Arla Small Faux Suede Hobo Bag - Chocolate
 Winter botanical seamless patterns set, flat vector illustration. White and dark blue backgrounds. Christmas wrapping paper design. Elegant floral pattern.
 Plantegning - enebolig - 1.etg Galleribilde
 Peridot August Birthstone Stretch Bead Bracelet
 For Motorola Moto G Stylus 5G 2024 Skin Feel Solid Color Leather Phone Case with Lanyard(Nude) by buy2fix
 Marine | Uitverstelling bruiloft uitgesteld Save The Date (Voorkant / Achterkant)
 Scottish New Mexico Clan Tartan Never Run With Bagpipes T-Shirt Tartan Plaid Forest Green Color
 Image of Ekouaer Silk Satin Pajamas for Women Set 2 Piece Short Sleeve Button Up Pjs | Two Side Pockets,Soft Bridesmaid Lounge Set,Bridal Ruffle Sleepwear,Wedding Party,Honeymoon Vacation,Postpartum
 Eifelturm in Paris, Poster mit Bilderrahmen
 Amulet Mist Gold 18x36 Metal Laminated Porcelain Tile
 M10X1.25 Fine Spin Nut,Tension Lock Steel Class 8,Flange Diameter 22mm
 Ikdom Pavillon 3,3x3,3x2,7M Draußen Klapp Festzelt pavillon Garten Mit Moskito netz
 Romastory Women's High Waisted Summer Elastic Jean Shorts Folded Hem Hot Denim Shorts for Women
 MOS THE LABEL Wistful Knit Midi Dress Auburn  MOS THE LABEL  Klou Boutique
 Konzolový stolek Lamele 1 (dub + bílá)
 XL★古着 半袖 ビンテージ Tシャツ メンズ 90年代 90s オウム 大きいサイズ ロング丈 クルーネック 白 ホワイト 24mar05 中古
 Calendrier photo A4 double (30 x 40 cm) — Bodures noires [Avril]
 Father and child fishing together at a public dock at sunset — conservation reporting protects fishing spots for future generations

━━━

[TASK STATEMENT]: What lines above hold the word "Women"? List them all.

[SOLUTION TO THIS PROBLEM]:
 Image of Ekouaer Silk Satin Pajamas for Women Set 2 Piece Short Sleeve Button Up Pjs | Two Side Pockets,Soft Bridesmaid Lounge Set,Bridal Ruffle Sleepwear,Wedding Party,Honeymoon Vacation,Postpartum
 Romastory Women's High Waisted Summer Elastic Jean Shorts Folded Hem Hot Denim Shorts for Women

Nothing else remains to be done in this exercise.